What to do:
The answer is to be an exact copy of the lines below running from the line with "Lascana Women's Crochet Hem Dress" down to the line with "Emili Sindlev co-created", both ends included, and nothing more.

Top of Record extracts

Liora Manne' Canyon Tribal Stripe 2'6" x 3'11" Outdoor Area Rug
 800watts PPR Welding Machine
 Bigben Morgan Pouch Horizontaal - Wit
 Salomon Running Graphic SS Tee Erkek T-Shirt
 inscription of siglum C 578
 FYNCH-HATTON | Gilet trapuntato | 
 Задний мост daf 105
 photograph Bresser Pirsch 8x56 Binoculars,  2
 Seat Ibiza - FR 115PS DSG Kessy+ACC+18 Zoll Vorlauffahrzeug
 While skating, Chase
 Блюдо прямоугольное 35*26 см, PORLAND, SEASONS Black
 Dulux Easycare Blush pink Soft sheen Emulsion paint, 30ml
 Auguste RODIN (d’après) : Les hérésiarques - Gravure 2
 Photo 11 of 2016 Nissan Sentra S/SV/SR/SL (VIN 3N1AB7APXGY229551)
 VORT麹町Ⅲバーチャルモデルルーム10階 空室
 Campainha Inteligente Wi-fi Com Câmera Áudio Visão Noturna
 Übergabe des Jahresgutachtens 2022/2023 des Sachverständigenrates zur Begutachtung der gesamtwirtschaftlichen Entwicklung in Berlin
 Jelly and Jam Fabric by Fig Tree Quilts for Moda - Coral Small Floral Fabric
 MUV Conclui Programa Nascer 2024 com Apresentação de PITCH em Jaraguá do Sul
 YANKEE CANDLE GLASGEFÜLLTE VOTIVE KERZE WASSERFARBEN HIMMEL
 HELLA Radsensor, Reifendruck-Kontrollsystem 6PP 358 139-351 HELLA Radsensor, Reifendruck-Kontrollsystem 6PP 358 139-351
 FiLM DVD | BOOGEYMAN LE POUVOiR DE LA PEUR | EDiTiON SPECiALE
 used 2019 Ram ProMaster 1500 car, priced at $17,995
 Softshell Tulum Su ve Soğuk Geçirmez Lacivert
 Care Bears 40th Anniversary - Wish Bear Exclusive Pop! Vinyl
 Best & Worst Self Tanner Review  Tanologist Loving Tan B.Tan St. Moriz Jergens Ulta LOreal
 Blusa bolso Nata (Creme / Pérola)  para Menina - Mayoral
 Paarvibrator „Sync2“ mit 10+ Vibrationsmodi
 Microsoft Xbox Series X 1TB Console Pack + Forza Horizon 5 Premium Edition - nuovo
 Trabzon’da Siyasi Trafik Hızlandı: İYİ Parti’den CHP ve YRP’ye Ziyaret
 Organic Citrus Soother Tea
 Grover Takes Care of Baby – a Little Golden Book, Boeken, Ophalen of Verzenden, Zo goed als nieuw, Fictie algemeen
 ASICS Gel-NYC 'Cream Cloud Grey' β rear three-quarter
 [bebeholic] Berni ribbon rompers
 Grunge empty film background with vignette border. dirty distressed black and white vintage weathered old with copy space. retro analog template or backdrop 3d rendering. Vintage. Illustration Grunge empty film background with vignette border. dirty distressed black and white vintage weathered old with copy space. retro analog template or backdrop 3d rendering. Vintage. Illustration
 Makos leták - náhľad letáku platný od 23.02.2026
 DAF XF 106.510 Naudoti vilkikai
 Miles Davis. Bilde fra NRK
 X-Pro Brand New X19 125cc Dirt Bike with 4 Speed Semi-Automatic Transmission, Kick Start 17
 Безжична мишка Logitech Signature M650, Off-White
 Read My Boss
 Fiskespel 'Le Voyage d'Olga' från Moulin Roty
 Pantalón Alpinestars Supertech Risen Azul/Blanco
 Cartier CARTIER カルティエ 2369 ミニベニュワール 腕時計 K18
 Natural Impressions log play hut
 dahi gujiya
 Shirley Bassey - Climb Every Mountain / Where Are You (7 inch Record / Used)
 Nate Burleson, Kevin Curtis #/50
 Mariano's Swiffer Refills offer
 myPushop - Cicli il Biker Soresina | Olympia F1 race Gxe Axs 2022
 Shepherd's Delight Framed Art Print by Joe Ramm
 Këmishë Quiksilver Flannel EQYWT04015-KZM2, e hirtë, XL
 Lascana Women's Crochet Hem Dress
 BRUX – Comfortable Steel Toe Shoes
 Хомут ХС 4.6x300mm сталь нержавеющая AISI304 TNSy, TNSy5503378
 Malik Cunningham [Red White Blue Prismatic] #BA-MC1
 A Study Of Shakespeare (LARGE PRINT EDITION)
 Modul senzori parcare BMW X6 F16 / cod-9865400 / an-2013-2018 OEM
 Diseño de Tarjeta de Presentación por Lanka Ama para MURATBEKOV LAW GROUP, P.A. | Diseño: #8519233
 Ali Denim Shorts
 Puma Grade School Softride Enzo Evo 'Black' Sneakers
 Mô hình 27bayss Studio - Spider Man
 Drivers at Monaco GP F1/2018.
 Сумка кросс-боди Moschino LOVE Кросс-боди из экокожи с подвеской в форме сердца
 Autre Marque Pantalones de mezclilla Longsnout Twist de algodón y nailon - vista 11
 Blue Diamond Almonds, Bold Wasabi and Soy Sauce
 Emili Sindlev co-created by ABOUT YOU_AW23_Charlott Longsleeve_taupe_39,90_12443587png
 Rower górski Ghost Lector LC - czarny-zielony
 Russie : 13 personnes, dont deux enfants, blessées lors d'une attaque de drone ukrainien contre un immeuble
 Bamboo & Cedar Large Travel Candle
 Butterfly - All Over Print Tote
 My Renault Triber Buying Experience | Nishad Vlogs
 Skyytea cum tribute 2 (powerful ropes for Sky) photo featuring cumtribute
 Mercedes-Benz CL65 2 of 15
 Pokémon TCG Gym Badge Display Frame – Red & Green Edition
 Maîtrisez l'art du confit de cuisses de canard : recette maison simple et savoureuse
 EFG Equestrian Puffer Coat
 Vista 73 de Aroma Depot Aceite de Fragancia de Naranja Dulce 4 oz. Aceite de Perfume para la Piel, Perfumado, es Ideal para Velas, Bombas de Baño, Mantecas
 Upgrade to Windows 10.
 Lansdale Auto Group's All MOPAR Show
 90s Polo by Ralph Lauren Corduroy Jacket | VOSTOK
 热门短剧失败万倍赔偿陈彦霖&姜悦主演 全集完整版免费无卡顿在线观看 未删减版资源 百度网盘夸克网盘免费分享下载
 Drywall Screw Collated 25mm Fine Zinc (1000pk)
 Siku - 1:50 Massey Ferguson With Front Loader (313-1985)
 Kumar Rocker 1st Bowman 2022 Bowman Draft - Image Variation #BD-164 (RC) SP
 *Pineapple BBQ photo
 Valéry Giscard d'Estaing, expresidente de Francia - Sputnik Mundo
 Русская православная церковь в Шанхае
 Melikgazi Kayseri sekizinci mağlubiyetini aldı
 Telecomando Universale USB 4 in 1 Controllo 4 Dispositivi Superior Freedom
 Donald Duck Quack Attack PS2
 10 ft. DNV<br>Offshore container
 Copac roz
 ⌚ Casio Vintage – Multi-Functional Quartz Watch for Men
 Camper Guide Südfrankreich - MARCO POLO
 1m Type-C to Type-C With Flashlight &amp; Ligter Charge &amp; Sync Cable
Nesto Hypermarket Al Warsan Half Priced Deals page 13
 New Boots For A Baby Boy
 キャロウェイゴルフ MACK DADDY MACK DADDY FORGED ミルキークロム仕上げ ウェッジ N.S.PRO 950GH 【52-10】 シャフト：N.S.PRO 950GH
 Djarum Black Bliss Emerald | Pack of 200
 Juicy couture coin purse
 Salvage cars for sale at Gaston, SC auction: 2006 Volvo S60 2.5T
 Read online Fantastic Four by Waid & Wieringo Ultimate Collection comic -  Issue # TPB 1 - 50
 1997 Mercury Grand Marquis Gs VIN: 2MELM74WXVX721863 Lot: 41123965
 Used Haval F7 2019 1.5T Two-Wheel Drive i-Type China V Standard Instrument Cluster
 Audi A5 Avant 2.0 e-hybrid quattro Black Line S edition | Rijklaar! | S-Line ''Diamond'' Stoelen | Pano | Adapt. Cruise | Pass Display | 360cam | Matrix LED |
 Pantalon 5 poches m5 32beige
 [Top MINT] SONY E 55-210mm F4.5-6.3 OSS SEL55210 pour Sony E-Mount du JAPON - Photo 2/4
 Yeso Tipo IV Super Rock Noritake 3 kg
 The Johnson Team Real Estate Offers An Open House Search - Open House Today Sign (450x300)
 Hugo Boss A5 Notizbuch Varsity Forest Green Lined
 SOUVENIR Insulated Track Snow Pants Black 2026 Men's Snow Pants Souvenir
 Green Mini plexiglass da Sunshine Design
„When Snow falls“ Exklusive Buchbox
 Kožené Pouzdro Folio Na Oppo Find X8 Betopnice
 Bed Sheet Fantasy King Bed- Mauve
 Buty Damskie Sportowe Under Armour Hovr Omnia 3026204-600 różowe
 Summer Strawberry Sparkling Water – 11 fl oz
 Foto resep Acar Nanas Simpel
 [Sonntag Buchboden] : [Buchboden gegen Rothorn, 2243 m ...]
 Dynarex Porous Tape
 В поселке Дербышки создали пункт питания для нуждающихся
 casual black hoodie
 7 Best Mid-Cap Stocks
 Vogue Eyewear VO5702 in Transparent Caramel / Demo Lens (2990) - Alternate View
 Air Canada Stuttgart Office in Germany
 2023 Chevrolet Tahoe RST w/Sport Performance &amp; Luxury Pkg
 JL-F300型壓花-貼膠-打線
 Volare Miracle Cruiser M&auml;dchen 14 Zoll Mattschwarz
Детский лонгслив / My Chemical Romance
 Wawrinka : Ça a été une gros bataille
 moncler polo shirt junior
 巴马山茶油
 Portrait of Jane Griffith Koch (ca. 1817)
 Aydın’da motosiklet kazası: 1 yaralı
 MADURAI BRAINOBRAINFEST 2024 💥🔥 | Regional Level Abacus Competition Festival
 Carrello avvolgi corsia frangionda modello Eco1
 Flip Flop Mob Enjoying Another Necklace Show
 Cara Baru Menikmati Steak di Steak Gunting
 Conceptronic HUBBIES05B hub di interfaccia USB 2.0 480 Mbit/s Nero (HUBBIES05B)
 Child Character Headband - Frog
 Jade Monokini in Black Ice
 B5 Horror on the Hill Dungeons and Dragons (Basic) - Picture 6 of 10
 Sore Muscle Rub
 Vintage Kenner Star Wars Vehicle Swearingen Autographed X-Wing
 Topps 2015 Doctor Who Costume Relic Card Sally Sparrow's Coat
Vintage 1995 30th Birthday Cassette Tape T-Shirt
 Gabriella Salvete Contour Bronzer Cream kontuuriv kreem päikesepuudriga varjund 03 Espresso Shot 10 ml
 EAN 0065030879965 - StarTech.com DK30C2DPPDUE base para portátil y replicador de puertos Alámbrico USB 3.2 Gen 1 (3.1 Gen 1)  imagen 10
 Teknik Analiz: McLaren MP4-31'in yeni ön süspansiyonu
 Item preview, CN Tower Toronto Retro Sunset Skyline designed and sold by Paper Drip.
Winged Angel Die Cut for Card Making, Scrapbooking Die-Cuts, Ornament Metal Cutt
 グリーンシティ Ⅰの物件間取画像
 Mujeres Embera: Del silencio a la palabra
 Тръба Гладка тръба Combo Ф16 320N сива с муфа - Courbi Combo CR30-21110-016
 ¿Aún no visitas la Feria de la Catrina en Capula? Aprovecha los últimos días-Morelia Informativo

Bottom of Record extracts

Solved problem:
 Lascana Women's Crochet Hem Dress
 BRUX – Comfortable Steel Toe Shoes
 Хомут ХС 4.6x300mm сталь нержавеющая AISI304 TNSy, TNSy5503378
 Malik Cunningham [Red White Blue Prismatic] #BA-MC1
 A Study Of Shakespeare (LARGE PRINT EDITION)
 Modul senzori parcare BMW X6 F16 / cod-9865400 / an-2013-2018 OEM
 Diseño de Tarjeta de Presentación por Lanka Ama para MURATBEKOV LAW GROUP, P.A. | Diseño: #8519233
 Ali Denim Shorts
 Puma Grade School Softride Enzo Evo 'Black' Sneakers
 Mô hình 27bayss Studio - Spider Man
 Drivers at Monaco GP F1/2018.
 Сумка кросс-боди Moschino LOVE Кросс-боди из экокожи с подвеской в форме сердца
 Autre Marque Pantalones de mezclilla Longsnout Twist de algodón y nailon - vista 11
 Blue Diamond Almonds, Bold Wasabi and Soy Sauce
 Emili Sindlev co-created by ABOUT YOU_AW23_Charlott Longsleeve_taupe_39,90_12443587png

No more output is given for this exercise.